The driver performance features include four new reports and two new dashboard KPIs. Users can quickly pinpoint trouble spots and drilldown to a specific driver directly from the system’s Dynamic Dashboard, the company says.

The latest OnlineAVL2 upgrade also has new reports that allow managers to view fleet performance by both driver groups and vehicle types.

OnlineAVL2’s new Driver Scorecards measure behaviors such as speeding, idling, harsh braking, high RPMs or other integrated user-defined driving habits, utilizing metrics gathered from Navman Wireless GPS tracking units installed in a given fleet.

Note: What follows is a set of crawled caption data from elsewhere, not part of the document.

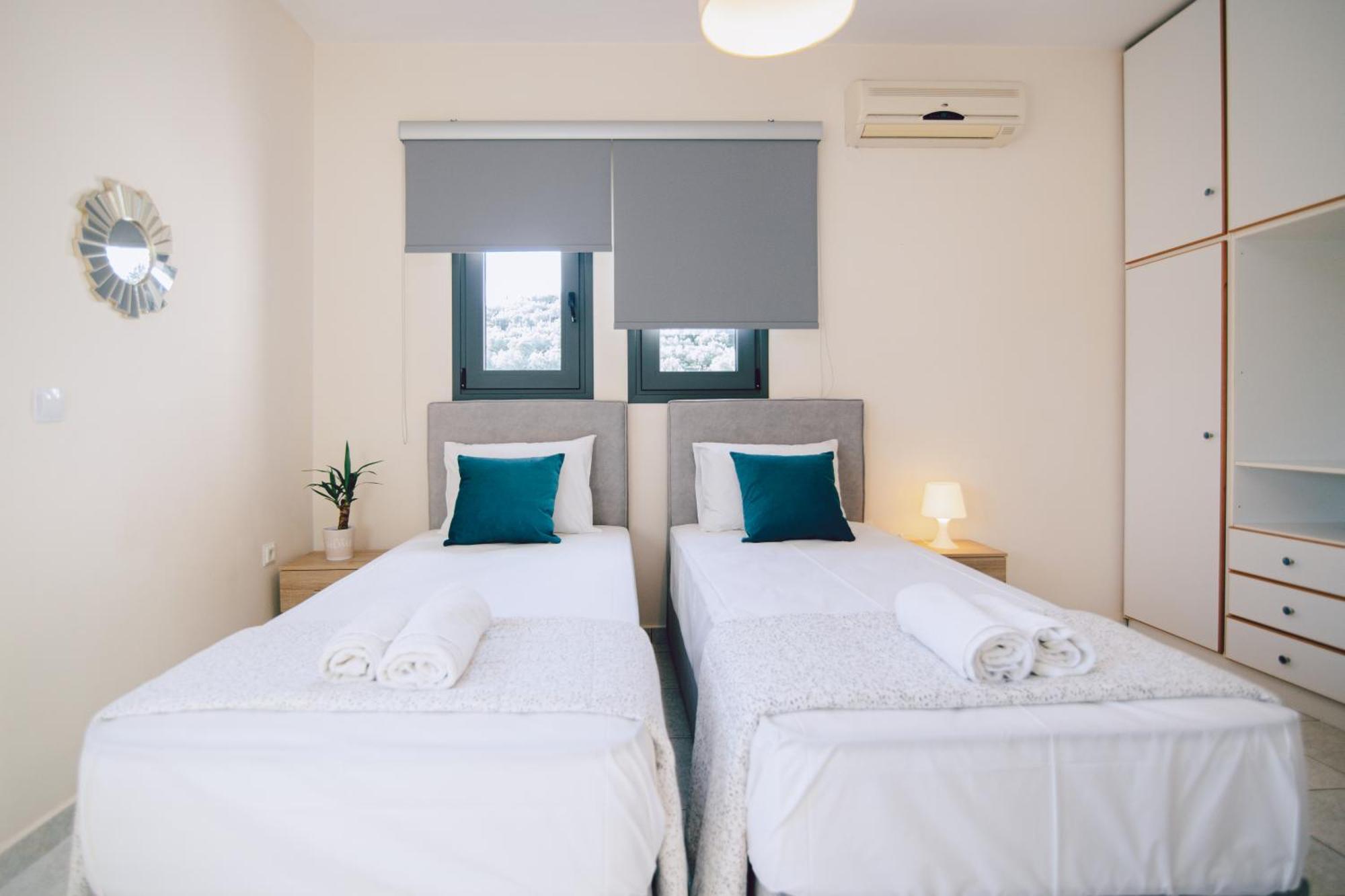 Andromahi Apartments & Suite 라가나스 외부 사진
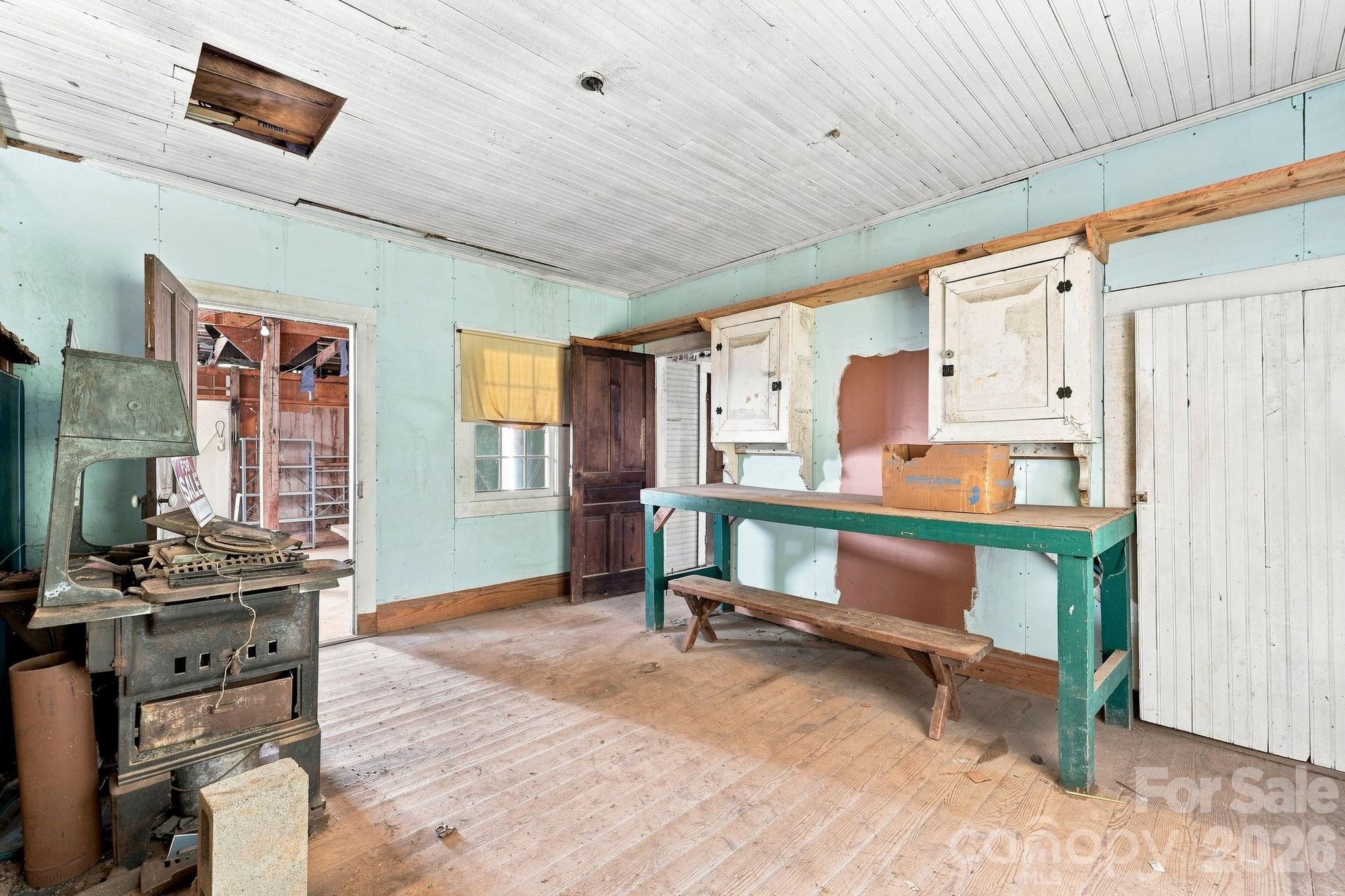2565 Weaver Road — China Grove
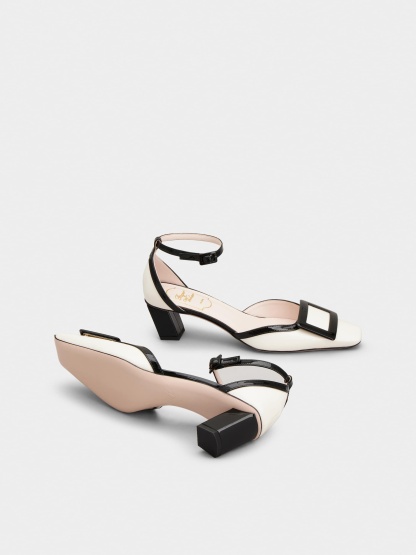 「ベル ヴィヴィエ」ラッカード バックル パテントレザー アンクル ストラップ パンプス 45 mm クリーム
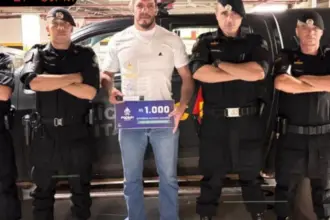 Policial da CPE de Goianésia é campeão de Jiu-Jitsu e recebe Prêmio PODIUM 2024 Policial da CPE de Goianésia é campeão de Jiu-Jitsu e recebe Prêmio PODIUM 2024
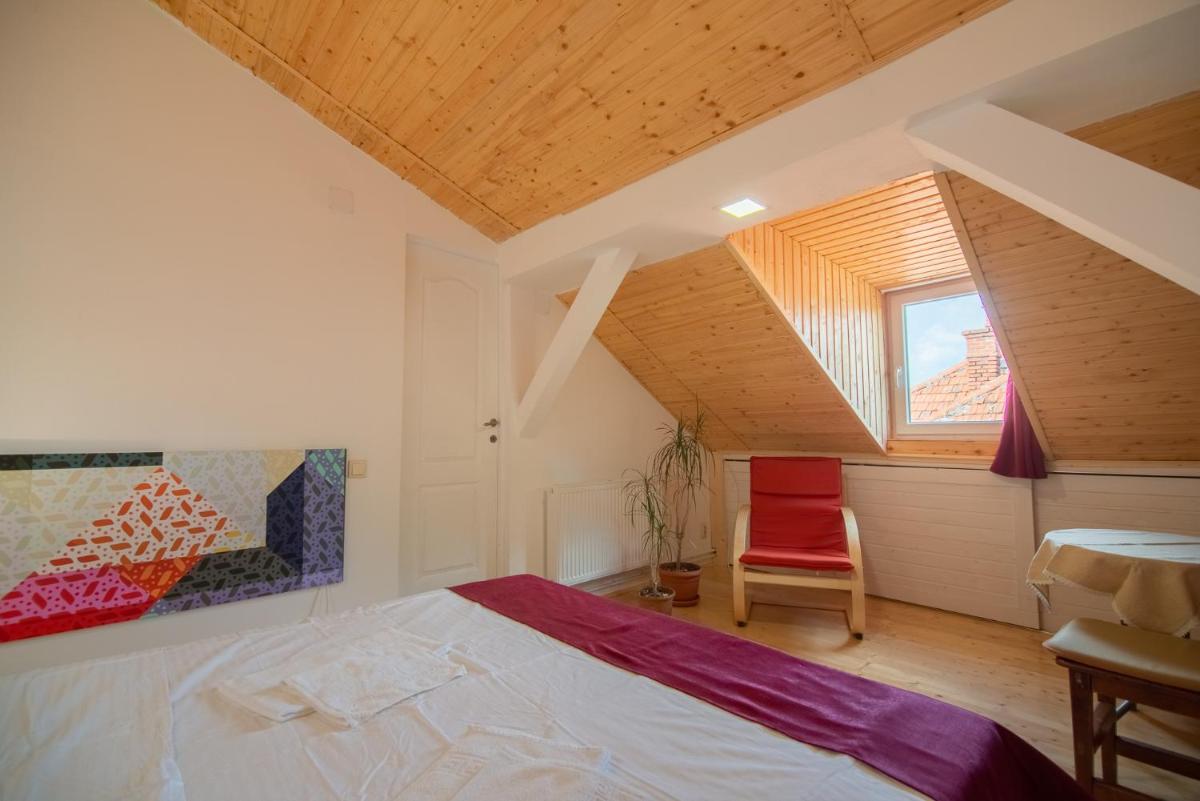 Bed&Wood in Center of Oradea 1 - Housity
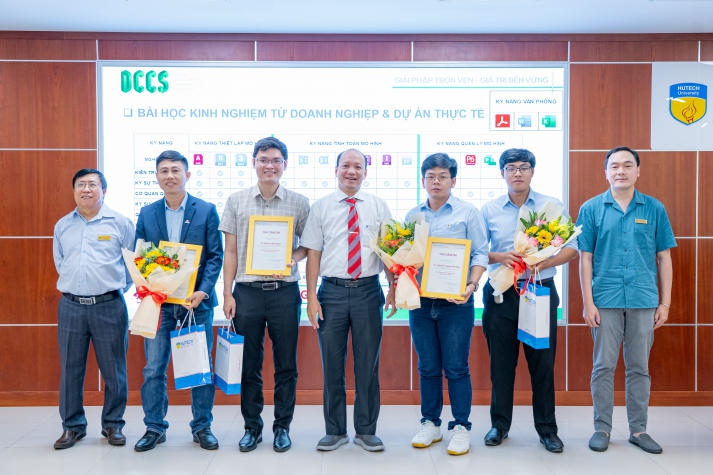 Sinh viên Khoa Xây dựng HUTECH định hướng nghề Xây dựng trong thời kỳ chuyển đổi số cùng chuyên gia 37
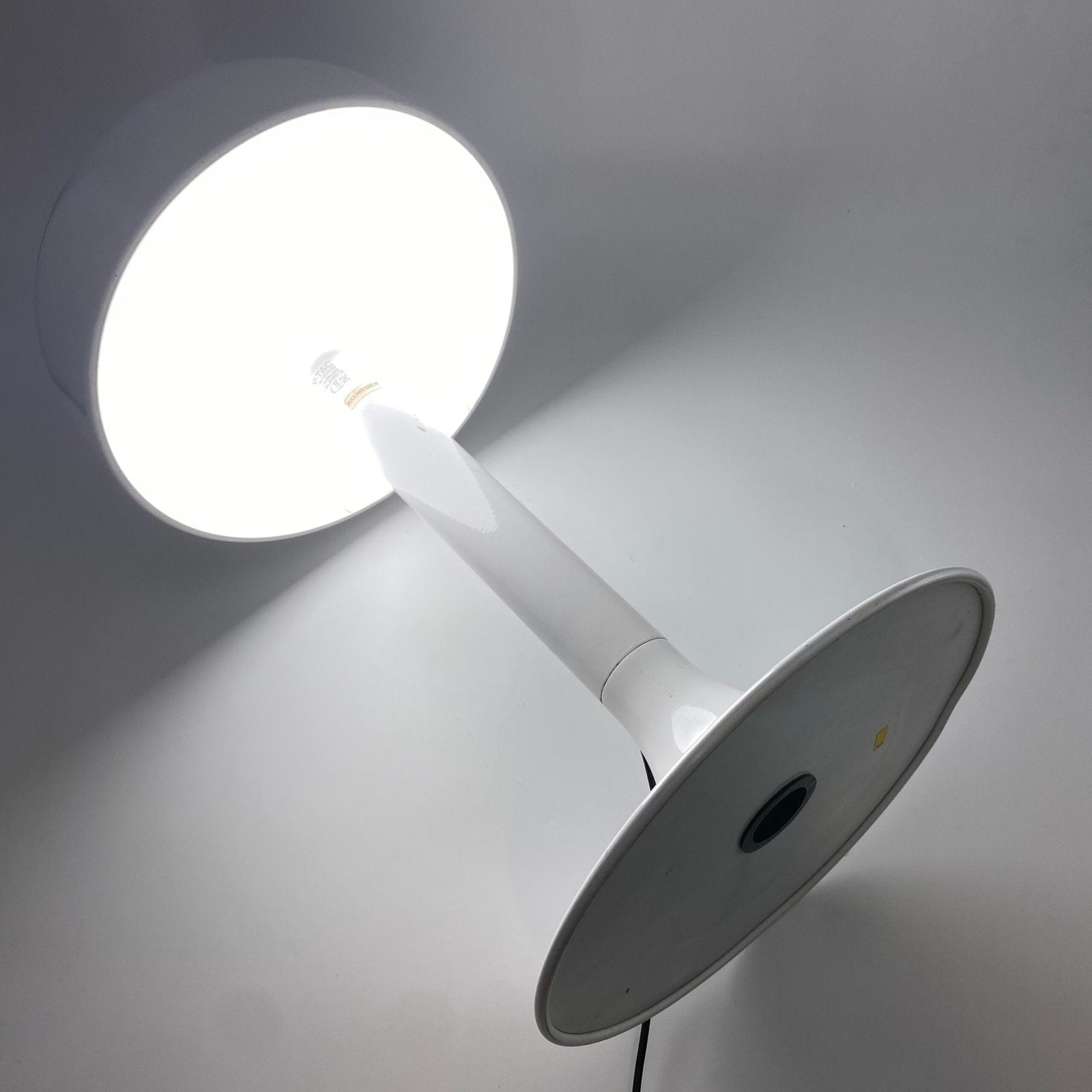 LAMPE  “STUDIO” MODÈLE 3105 – CARLO VILIGIARDI POUR STILNOVO, 1972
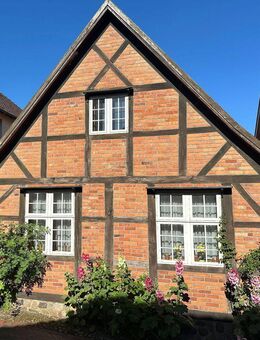 Ruhiges Stadthaus mit vielseitigem Potenzial und historischem Nebengebäude - Courtagefrei! - Ratzeburg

If sensors that detect seatbelt use, emergency brake deployment or other driver activities are connected to the system’s GPS tracking units, the Driver Scorecards can incorporate that information as well. The resulting data is then available for at-a-glance examination with:

Scorecard reports that instantly identify drivers with below-average performance, show the impact of their behavior on fuel consumption, and permit drilldown to trip details when needed.

Individual driver report cards that include personal scores as well as comparison of drivers against fleet averages.

Configurable dashboard KPIs to choose the drivers and time period represented as well as drill down for details. The KPIs allow real-time monitoring of problem drivers for intervention with urgent problems like speeding and excessive idling.

New Driver Groups support in OnlineAVL2 also allows fleet managers to classify their drivers by region, business unit, service type or any other category of their choice, and then generate any Driver Scorecard report or driver-based dashboard KPI by driver group. This enables managers to compare performance by driver group and use that information to improve driver behavior in groups that lag behind those with the top scores, the company says.